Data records
• • • • •

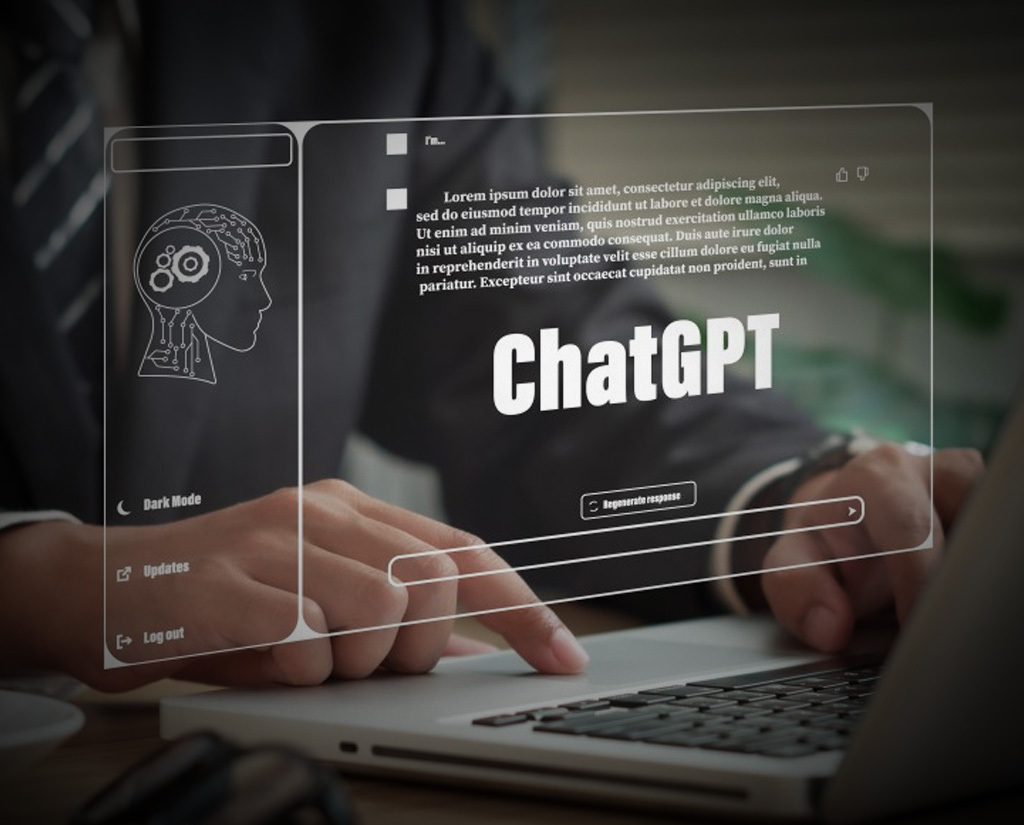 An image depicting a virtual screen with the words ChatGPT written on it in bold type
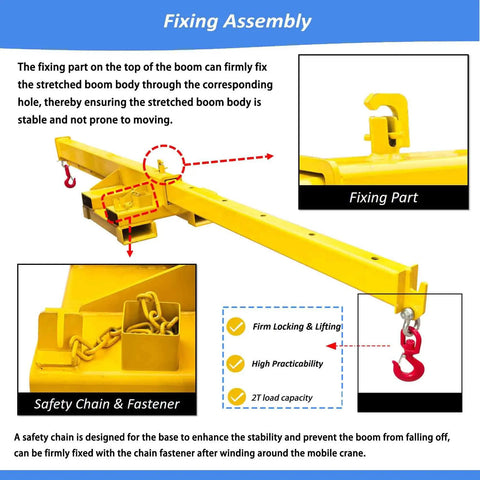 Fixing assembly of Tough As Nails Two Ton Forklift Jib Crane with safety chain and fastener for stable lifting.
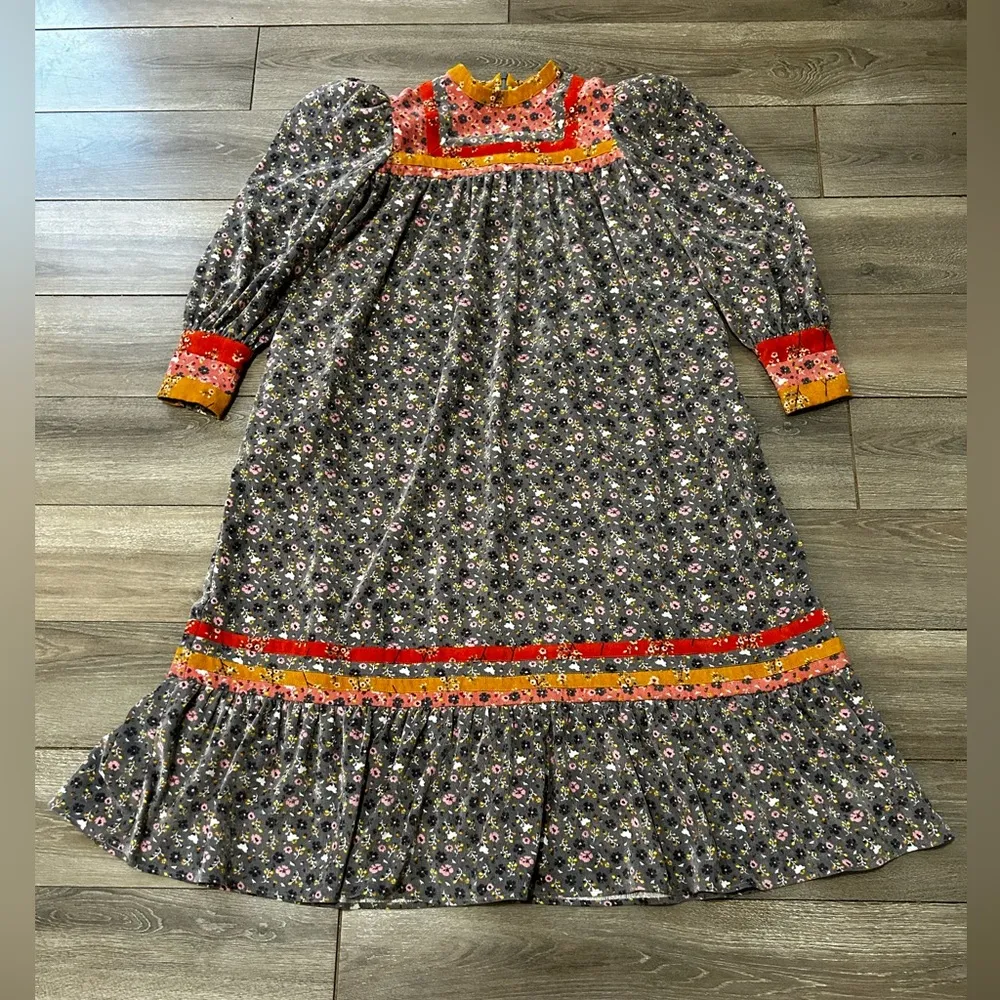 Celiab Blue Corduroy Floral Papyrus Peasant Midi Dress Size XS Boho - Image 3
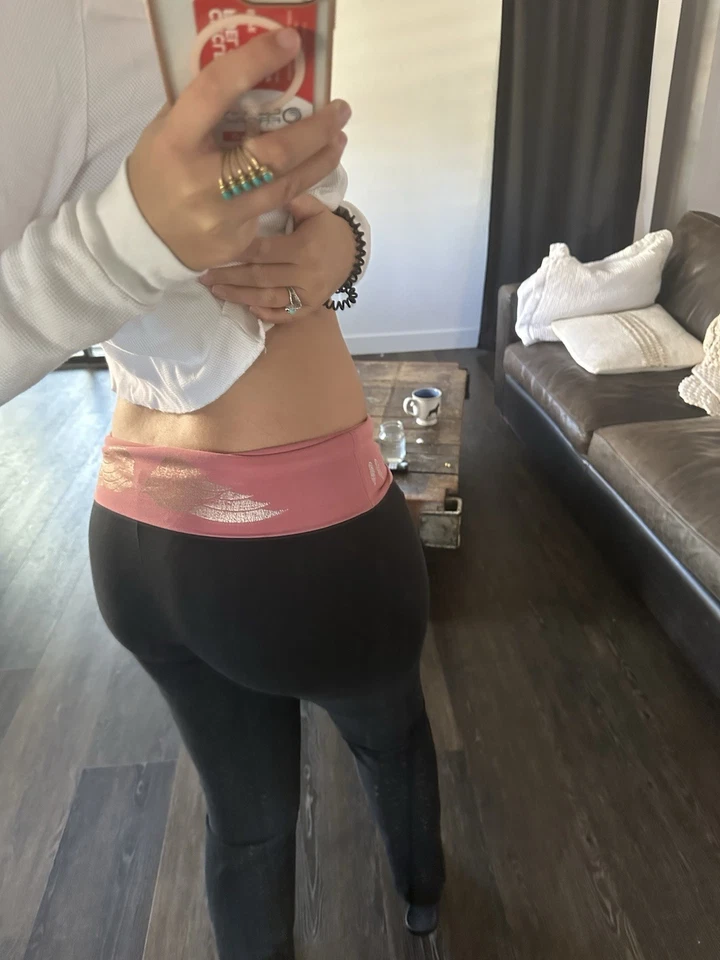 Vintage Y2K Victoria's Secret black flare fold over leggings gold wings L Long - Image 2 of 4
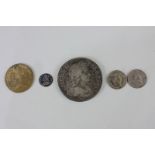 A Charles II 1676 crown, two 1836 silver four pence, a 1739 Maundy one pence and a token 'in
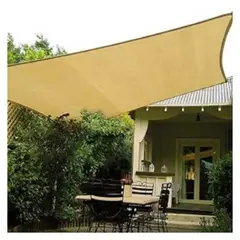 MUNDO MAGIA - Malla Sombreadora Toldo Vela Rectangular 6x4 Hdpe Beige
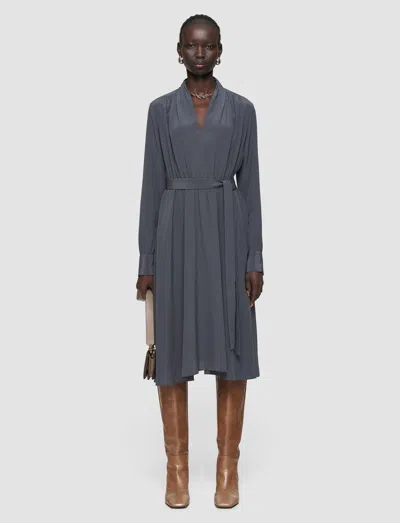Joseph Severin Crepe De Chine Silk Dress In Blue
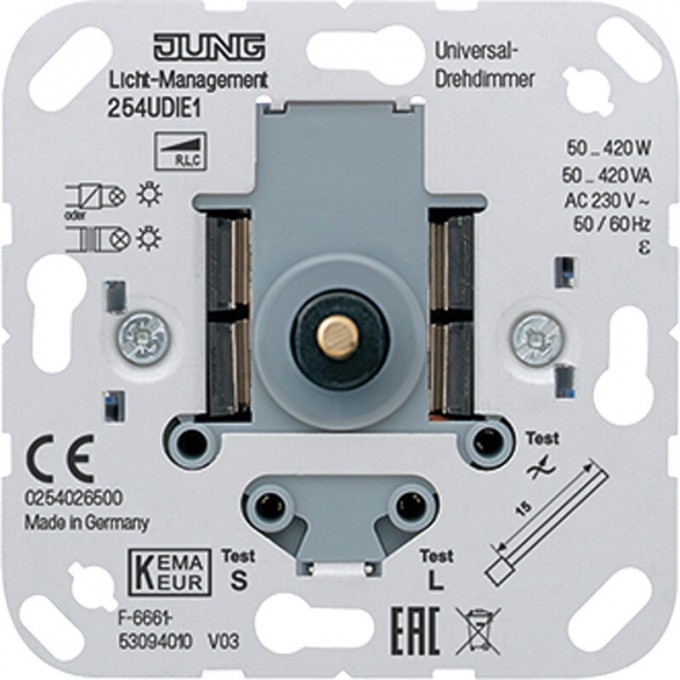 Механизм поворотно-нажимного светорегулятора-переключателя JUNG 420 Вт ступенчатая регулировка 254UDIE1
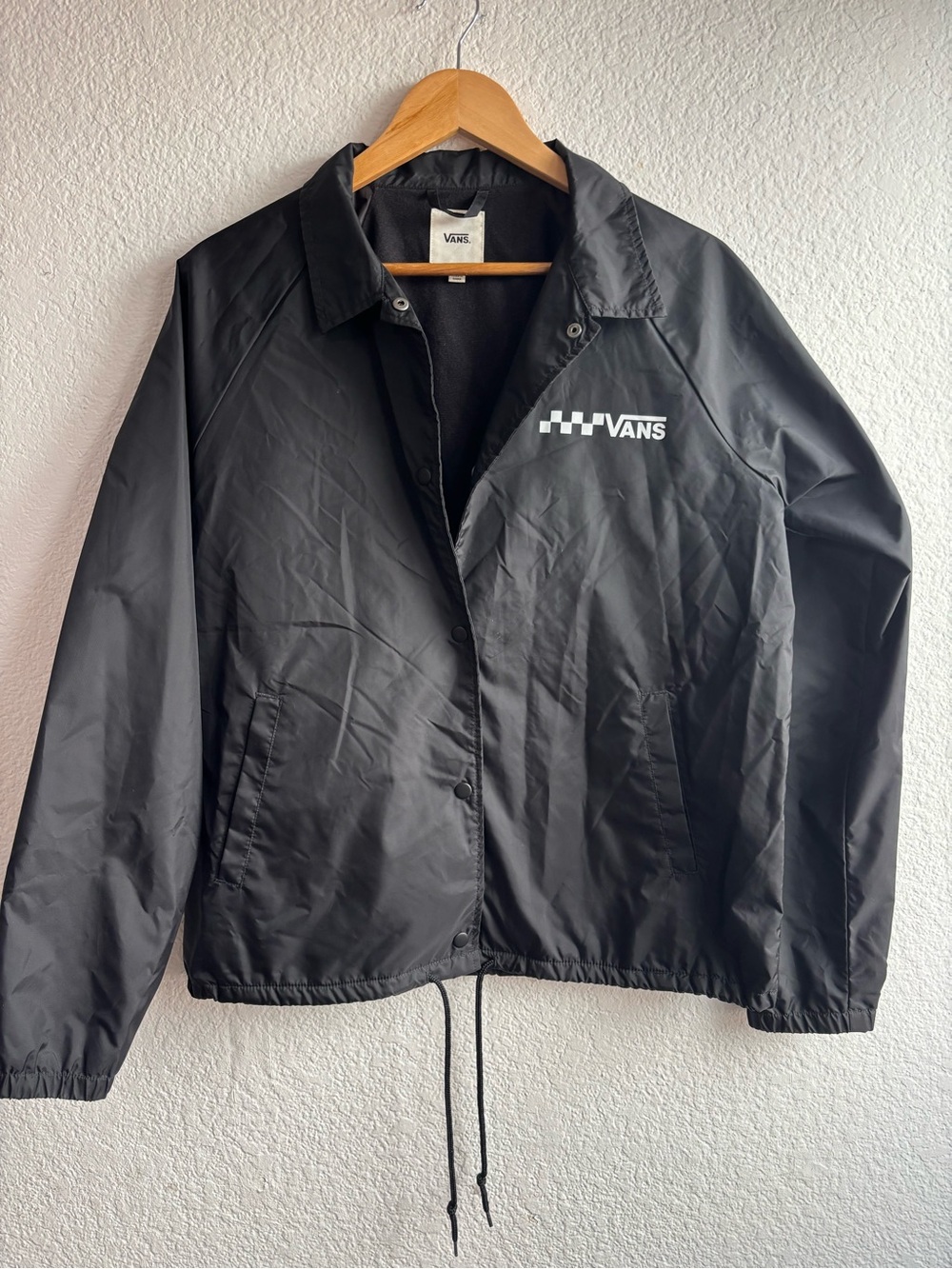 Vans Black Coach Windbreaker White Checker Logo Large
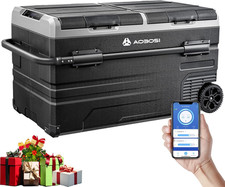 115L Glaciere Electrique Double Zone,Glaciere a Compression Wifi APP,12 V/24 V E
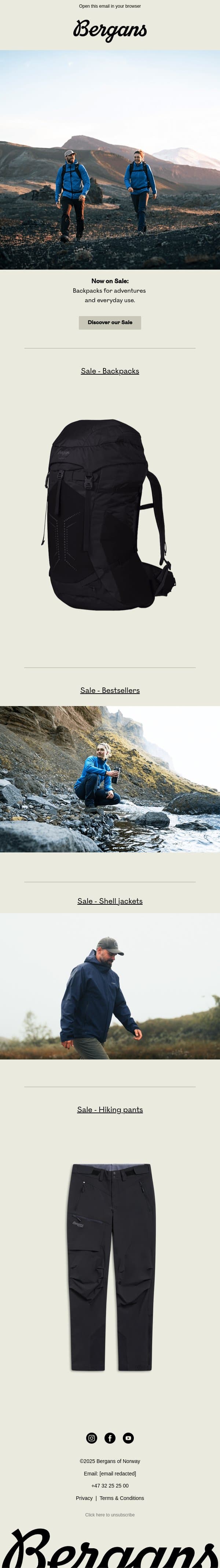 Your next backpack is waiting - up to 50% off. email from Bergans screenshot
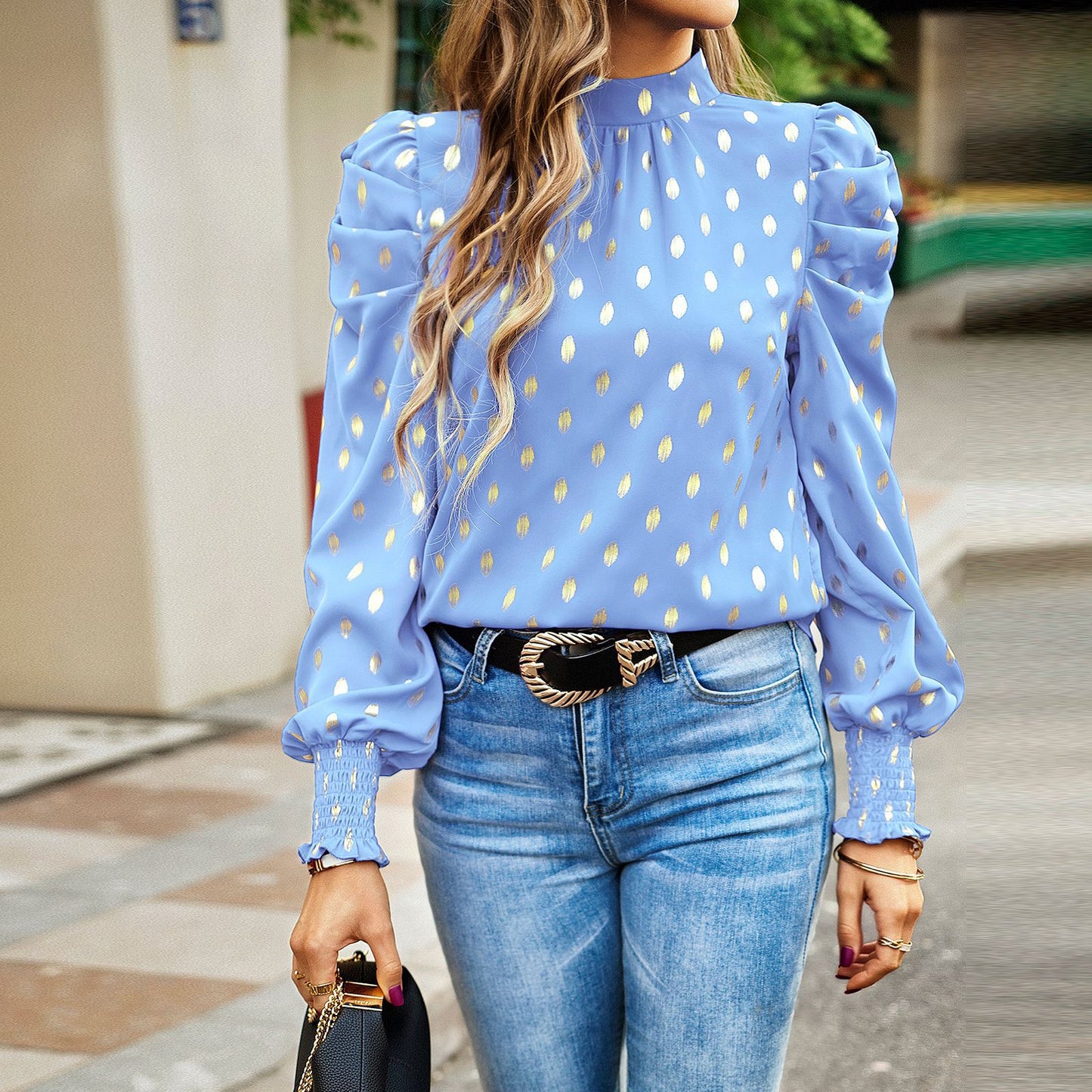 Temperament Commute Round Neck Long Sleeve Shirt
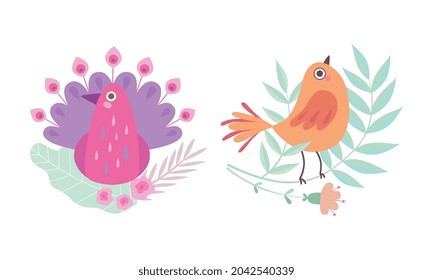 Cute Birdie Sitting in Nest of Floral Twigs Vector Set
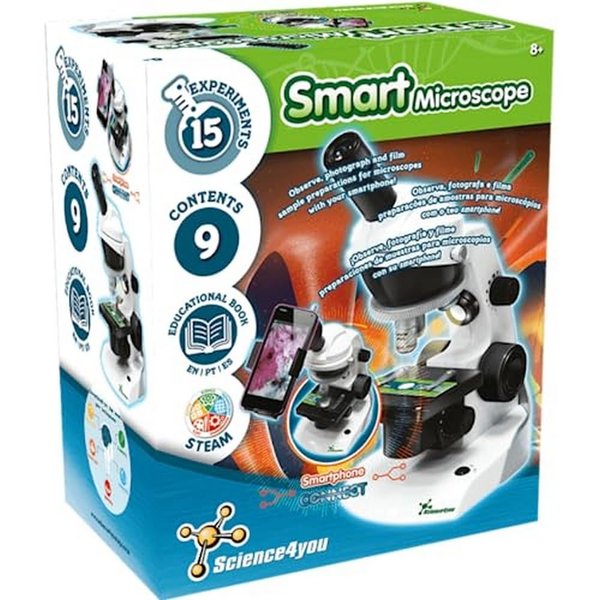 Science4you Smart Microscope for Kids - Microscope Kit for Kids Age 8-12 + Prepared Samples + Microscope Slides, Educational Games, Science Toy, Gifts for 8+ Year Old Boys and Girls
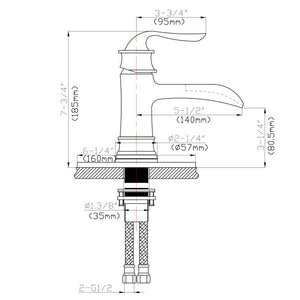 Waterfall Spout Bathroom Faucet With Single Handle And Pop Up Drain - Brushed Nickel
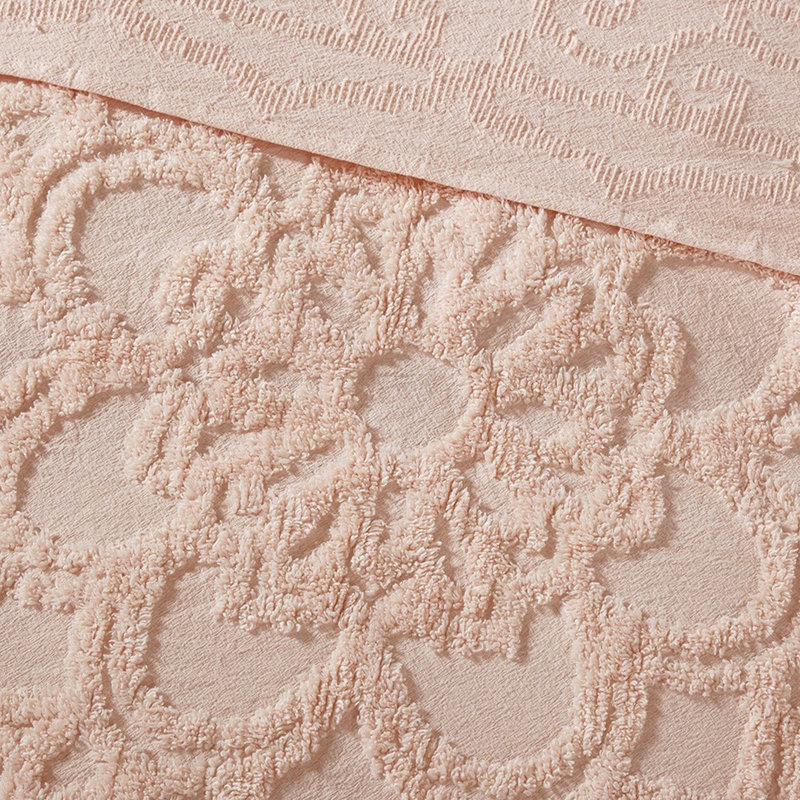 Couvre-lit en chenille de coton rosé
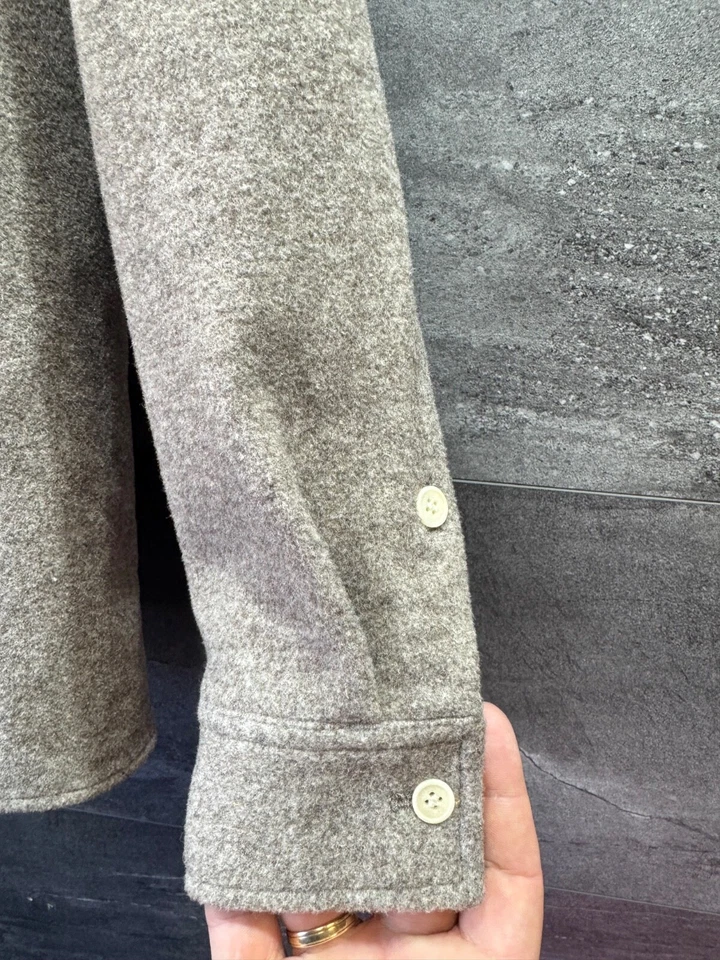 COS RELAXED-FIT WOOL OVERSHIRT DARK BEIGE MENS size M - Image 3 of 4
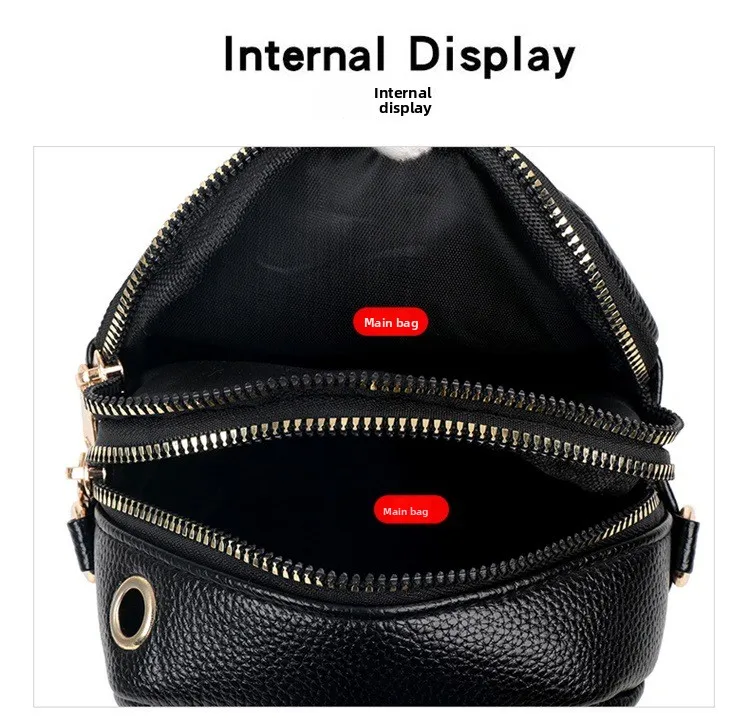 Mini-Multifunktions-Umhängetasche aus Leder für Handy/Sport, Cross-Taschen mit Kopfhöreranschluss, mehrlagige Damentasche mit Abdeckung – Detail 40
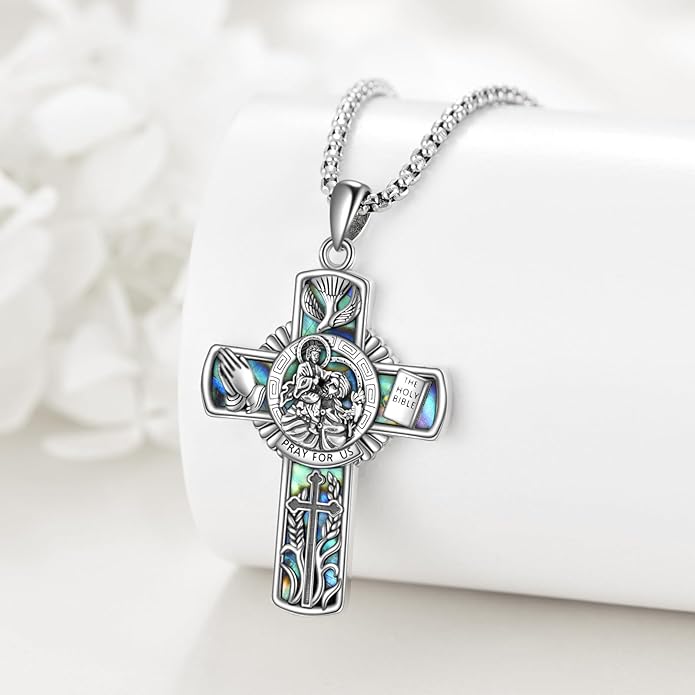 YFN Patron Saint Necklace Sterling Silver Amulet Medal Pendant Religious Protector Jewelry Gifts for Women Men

• • • • •

▸ Work to be completed:
Copy only what runs above from the line containing "Cute Birdie Sitting" through the line containing "COS RELAXED-FIT WOOL", exactly. Leave out the pictures.

▸ Exercise result:
 Cute Birdie Sitting in Nest of Floral Twigs Vector Set
 Science4you Smart Microscope for Kids - Microscope Kit for Kids Age 8-12 + Prepared Samples + Microscope Slides, Educational Games, Science Toy, Gifts for 8+ Year Old Boys and Girls
 Waterfall Spout Bathroom Faucet With Single Handle And Pop Up Drain - Brushed Nickel
 Couvre-lit en chenille de coton rosé
 COS RELAXED-FIT WOOL OVERSHIRT DARK BEIGE MENS size M - Image 3 of 4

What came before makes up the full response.